Like many established institutions, higher education (HE) providers are struggling to work out how to engage with a changing world order. The rise of populist movements is challenging some of the fundamental concepts on which HE is built. HE providers across the world are being challenged to prove their worth to society. While these challenges threaten some of what HE does, in other ways they are welcome. They are essential if providers and those who work and lead them are going to give equitable access to HE the prioritisation it requires, and place it alongside research, income generation and teaching. In order for this to happen, a debate regarding the very purpose of HE is required and the nature of the where and how it is delivered.

For those who believe that HE access should be more equitable, the way to go is to start by questioning the very public mission of HE. What is it and what should it be for? There is a business case for extending access to HE. As participation rates approach saturation amongst higher socioeconomic groups in richer countries, as will likely happen one day across all countries, even though that day may be far away, the best route to growth will be recruiting students from presently unserved communities. This will eventually motivate the majority of providers to pay attention to students from such communities.

Fundamental shifts in structure and culture will be required however to adequately serve the different needs of such students HE providers need to take practical actions to make access to their institutions more equitable. The first action is to take a share of the responsibility for what happens to students from unserved populations before they enter HE. Providers need to share their human and financial resources in working with schools to help such groups achieve the grades necessary to benefit from HE. HE institutions in only a handful of countries are systematically working with schools and young people from 11/12 onwards through using their students as mentors and incentivising their academics to give lectures or workshops to young people. Campuses are being opened up for summer schools and after-school clubs. Providers have to be proactive in convincing those from low-income and marginalised communities that HE is as much for them as for the affluent. Examples of how to do this exist – in particular in the UK, Australia and the USA.

It is also necessary that HE providers recognise that students from under-represented groups who enter HE are different. Widening access does not mean diluting quality which is why the afore-mentioned outreach work is so important. The aim is to support students to achieve their potential rather than simply adhering to student admission quotas. In order for this to happen, students still need specific support, which may be in the form of continued mentoring or buddying, additional tuition and the availability of advisory service on financial or pastoral matters. Examples of such holistic support exist, e.g. at the University of Cape Town in South Africa through the work of the Education Development Unit in the Faculty of Commerce which has reduced black students drop-out rates by over 50%, and the Education Opportunity Programme (EOP) at the University of Berkeley.

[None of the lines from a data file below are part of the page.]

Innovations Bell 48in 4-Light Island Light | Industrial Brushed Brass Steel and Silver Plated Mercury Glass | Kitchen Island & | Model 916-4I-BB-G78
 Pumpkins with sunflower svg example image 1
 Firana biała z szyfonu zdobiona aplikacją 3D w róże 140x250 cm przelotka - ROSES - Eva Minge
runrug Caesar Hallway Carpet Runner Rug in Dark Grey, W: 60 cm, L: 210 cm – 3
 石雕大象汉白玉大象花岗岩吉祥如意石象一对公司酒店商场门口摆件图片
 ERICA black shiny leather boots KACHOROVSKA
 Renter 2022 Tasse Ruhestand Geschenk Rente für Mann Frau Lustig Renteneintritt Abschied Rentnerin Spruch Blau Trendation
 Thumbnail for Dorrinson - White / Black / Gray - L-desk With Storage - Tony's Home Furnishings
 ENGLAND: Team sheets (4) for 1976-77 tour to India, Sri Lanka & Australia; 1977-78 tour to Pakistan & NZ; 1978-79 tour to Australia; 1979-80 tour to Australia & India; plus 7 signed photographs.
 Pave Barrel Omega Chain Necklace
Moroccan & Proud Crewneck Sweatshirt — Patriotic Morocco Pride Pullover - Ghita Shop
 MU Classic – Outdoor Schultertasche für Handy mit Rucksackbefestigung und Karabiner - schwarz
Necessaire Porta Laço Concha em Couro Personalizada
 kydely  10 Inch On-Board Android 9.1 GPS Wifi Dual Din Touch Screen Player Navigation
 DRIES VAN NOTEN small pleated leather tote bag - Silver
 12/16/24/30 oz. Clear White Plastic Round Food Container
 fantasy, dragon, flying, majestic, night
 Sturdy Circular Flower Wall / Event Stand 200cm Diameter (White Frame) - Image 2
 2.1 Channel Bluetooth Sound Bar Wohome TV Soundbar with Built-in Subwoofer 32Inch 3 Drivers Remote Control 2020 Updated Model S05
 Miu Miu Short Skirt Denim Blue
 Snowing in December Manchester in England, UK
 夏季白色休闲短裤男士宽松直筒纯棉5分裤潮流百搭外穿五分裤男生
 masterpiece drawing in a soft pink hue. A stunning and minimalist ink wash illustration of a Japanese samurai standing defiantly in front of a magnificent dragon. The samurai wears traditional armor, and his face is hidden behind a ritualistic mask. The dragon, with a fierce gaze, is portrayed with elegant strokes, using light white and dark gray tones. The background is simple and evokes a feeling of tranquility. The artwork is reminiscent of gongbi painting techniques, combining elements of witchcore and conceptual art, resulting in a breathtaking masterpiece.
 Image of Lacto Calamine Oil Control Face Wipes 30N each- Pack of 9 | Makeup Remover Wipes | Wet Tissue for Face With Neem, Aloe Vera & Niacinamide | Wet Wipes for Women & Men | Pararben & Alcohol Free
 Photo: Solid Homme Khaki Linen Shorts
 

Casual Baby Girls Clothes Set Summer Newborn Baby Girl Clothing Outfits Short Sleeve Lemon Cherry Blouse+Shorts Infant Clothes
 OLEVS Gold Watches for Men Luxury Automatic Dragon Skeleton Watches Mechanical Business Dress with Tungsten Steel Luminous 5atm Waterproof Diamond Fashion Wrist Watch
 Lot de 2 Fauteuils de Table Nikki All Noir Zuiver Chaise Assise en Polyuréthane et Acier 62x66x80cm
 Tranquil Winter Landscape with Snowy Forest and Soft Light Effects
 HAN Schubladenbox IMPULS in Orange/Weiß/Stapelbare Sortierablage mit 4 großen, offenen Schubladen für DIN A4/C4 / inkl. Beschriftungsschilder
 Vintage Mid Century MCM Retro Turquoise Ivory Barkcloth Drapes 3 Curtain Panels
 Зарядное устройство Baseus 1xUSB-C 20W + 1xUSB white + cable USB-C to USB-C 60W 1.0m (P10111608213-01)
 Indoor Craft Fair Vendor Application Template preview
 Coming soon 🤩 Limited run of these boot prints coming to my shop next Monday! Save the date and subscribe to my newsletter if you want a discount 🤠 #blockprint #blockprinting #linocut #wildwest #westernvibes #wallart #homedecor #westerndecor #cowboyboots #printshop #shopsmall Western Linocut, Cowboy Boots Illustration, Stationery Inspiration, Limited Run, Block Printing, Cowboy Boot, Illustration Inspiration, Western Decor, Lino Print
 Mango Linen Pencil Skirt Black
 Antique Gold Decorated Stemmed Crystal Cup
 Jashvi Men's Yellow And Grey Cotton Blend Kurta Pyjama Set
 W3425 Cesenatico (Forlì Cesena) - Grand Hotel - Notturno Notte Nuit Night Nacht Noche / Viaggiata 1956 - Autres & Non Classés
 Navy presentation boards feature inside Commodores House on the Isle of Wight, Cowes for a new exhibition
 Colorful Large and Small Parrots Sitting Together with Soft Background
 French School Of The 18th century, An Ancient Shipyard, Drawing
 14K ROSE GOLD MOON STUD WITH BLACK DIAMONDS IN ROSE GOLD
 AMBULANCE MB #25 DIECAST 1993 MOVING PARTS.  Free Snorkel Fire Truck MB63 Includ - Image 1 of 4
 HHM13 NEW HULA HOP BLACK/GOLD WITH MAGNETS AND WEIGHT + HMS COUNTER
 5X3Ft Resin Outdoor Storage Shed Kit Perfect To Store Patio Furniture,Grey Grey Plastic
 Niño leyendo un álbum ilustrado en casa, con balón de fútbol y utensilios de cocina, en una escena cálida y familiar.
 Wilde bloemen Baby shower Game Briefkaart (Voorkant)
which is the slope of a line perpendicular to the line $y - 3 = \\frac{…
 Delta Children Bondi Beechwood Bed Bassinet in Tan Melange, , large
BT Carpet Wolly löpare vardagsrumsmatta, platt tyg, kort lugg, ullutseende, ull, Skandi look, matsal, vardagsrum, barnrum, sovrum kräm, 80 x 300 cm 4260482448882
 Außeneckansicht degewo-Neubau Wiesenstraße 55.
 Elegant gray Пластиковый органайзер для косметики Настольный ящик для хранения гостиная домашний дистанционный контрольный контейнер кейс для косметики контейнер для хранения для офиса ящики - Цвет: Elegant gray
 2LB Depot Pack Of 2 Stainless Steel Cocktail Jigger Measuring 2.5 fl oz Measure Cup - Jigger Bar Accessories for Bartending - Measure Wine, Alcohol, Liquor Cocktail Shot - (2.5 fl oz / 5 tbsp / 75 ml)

It is also crucial that students from all social backgrounds have the opportunity to benefit from the transformative potential of HE through study abroad programmes. International student mobility is mainly the preserve of the affluent student. Some large scholarship programmes exist but it is HE providers who should be far more pro-active by offering shorter study abroad opportunities which are integrated into existing degree programmes. Students from low income or excluded communities should be able to take part in specialised employability workshops and receive advice from employers who can provide specific internship and other support for such learners.

More deep-rooted changes may be required to really open up HE for everyone. It needs to become much more flexible and differentiated across space and time. The vast majority of what is delivered as HE across the world is based on models designed to serve the minority of the population. Large physical campuses educating young people for 3 to 4 years will, and should, continue to be a major part of what constitutes HE, but they must become only one part of a more diverse offer that includes combinations of face-to-face and virtual learning, shorter qualifications and smaller, more locally based providers. The case for such remodelling brings us back to the need for change in defining the purpose of HE and the nature of the HE provider or university. New missions, values and cultures will need to be constructed which make access and participation central rather than peripheral. This will be neither fast nor easy, but essential if HE is ever to serve the many rather than the few.